_EXERCISE INPUTS_:
==========

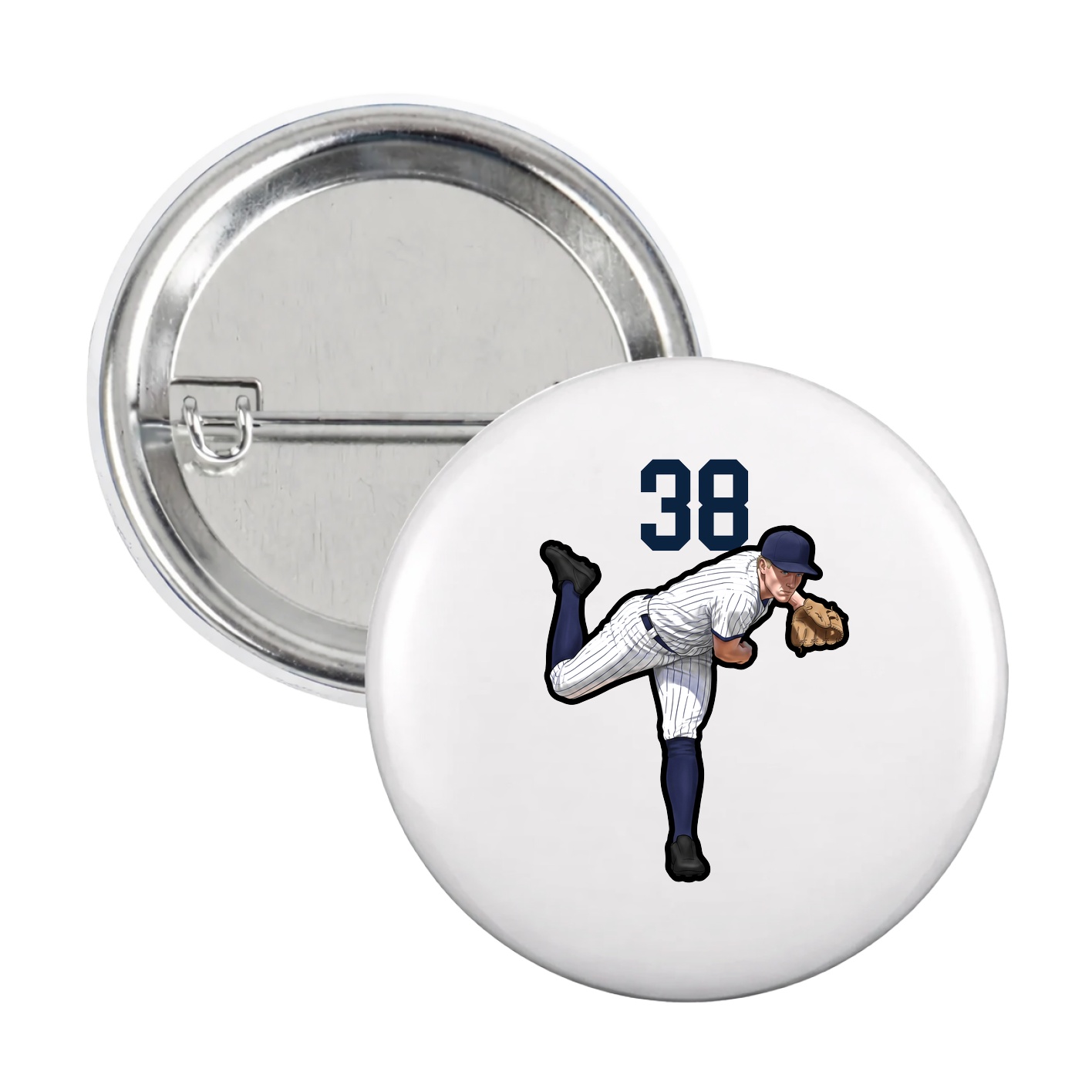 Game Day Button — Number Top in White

==========

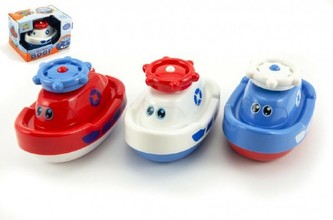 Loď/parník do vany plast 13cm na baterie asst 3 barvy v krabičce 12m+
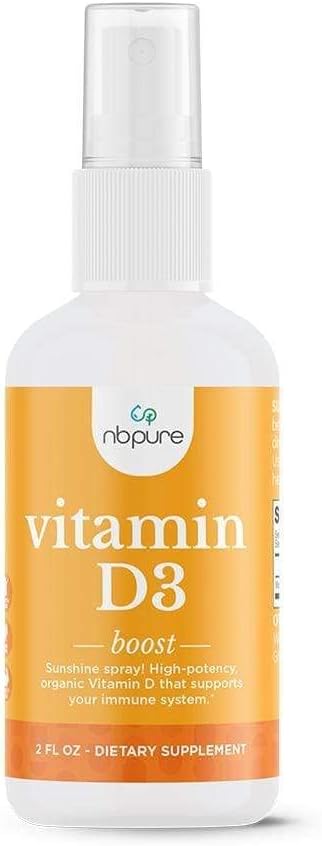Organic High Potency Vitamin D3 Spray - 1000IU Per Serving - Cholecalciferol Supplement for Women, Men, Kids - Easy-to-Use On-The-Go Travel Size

==========

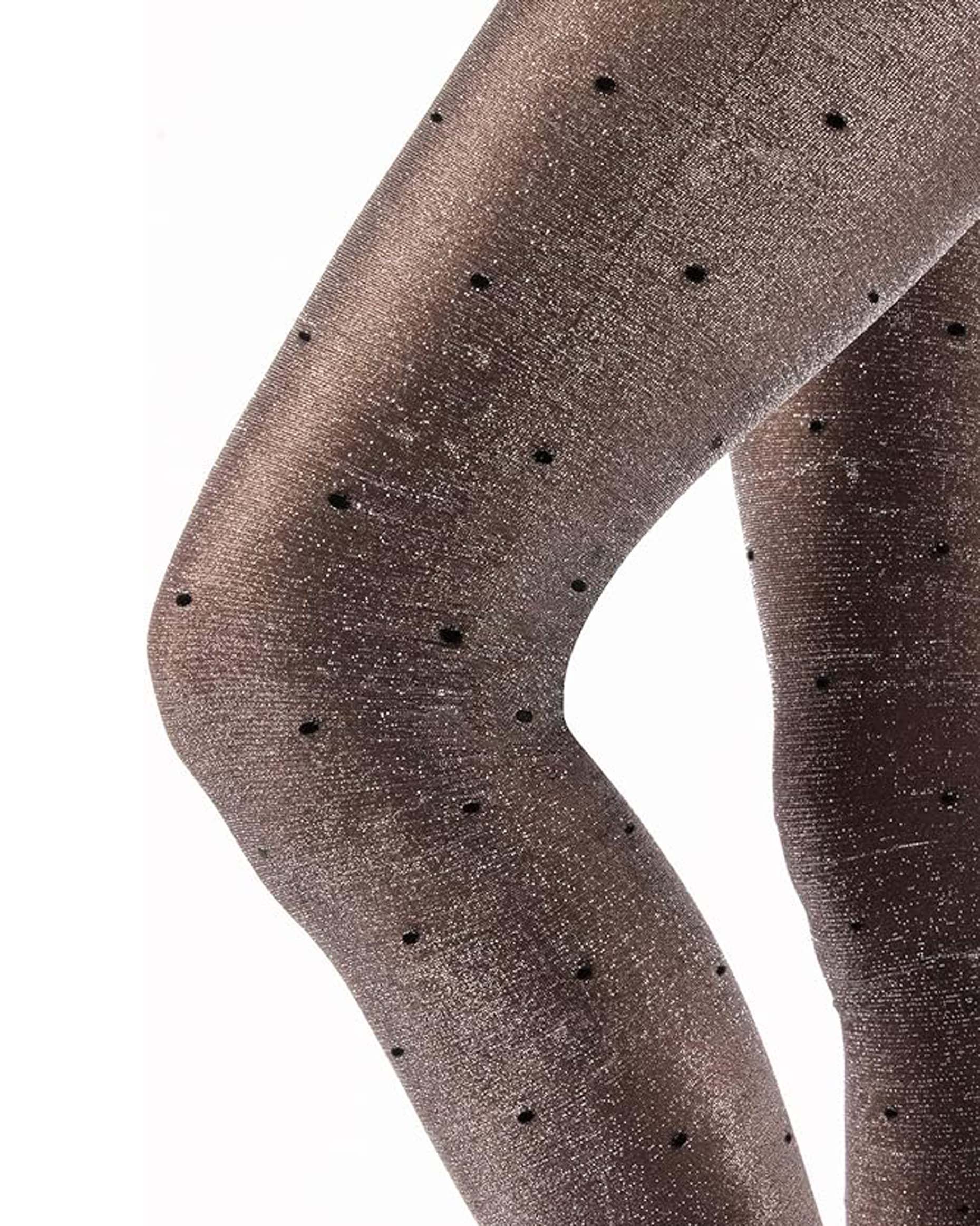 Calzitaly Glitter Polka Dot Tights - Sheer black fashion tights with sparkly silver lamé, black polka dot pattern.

==========

_EXERCISE_: Copy exactly the part of the material above that opens with the line containing "Loď/parník do vany" and closes with the line containing "Organic High Potency", ends included. Drop the images.

_EXERCISE ANSWER_:
 Loď/parník do vany plast 13cm na baterie asst 3 barvy v krabičce 12m+
Organic High Potency Vitamin D3 Spray - 1000IU Per Serving - Cholecalciferol Supplement for Women, Men, Kids - Easy-to-Use On-The-Go Travel Size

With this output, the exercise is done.